The essential difference between George Bush’s and Barack Obama’s thinking on the subject of democracy promotion is that that Bush considered it essential to our national security and to our aspiration for victory in the war on terror. In contrast, Obama tends to identify the spread of democratic values and institutions as something desirable, akin to the alleviation of poverty and hunger, yet related only indirectly to our national security. In his Second Inaugural, Bush identified the democratic deficit in the Muslim world as the “deepest source” of terrorism. He said,
“For as long as whole regions of the world simmer in resentment and tyranny—prone to ideologies that feed hatred and excuse murder—violence will gather, and multiply in destructive power, and cross the most defended borders, and raise a mortal threat. There is only one force of history that can break the reign of hatred and resentment, and expose the pretensions of tyrants, and reward the hopes of the decent and tolerant, and that is the force of human freedom.”
Obama had a very different message in his inaugural: “To the Muslim world, we seek a new way forward, based on mutual interest and mutual respect.” This is language of realism, as practiced by Henry Kissinger, Brent Scowcroft and other leading statesman. It is not a school of thought to be dismissed lightly. This school approaches both cooperation and conflict as outcomes that reflect underlying interests, rather than ideas. Obama’s language suggests that he does not see the war on terror as a war of ideas, in which victory for both the United States and for the people of the Muslim world rests on a convergence of values. When President Obama spoke of victory in his inaugural address, he cast our values as an inspiration, rather than a force that can shape the battlefield. He said, “Our security emanates from the justness of our cause, the force of our example, the tempering qualities of humility and restraint…for those who seek to advance their aims by inducing terror and slaughtering innocents, we say to you now that our spirit is stronger and cannot be broken. You cannot outlast us, and we will defeat you.”
President Obama’s thinking on the subject of democracy promotion will influence decisions that have a profound impact on our national security.

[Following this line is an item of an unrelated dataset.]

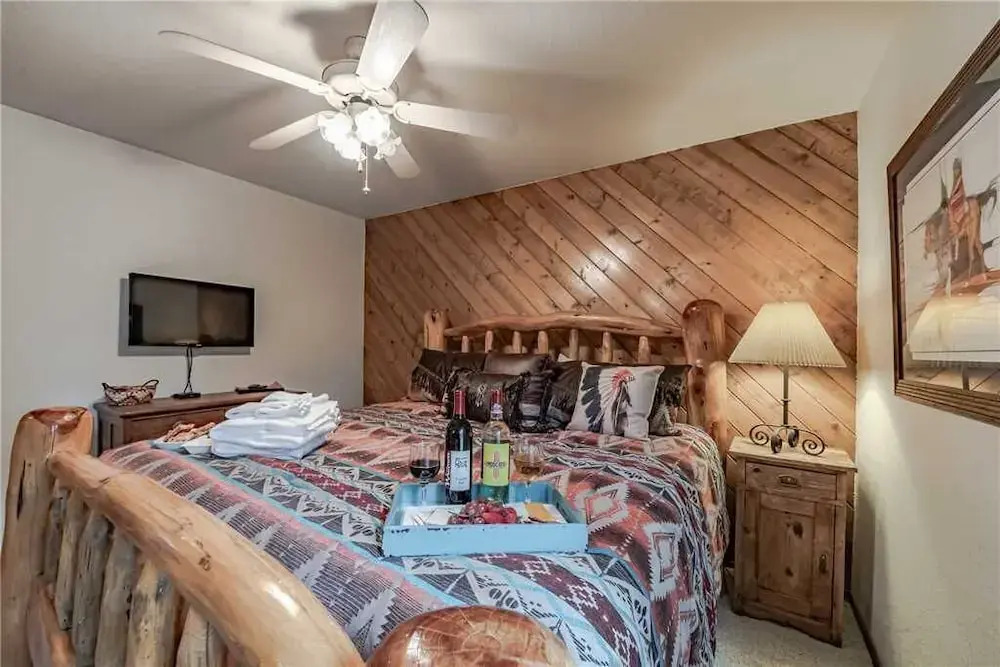Fort Getaway - Three Bedroom Cabin with Hot Tub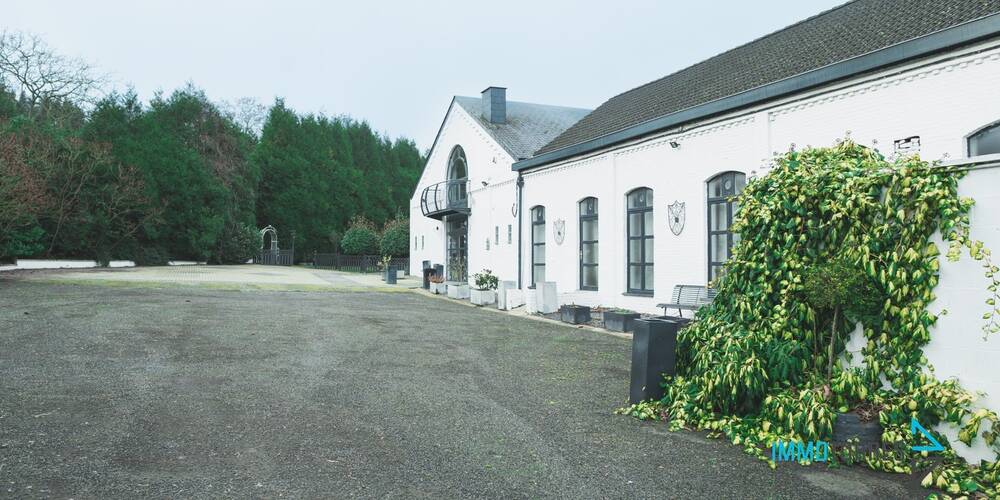 Handelszaak te in Bouffioulx 6200 1200000.00€ slaapkamers 700.00m² - Zoekertje 413564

Will the President continue our drawdown in Iraq regardless of whether its nascent democratic order remains viable? Will the escalation of our commitment to Afghanistan be premised on the belief that democracy is essential to the defeat of the Taliban?
Undoubtedly, there is much to criticize about how the Bush administration implemented its democracy agenda. One cannot fault Obama the candidate for his efforts to exploit this vulnerability. Yet Obama is now commander-in-chief. He has the opportunity to return to the responsible position he embraced earlier in his campaign, when he affirmed that “America’s larger purpose in the world is to promote the spread of freedom – that it is the yearning of all who live in the shadow of tyranny and despair.” This would send a powerful message to the American people and to the world that democracy promotion is not an artifact of Republican or neo-conservative thinking, but a reflection of the revolutionary ideals that have made America the undisputed leader of the free world.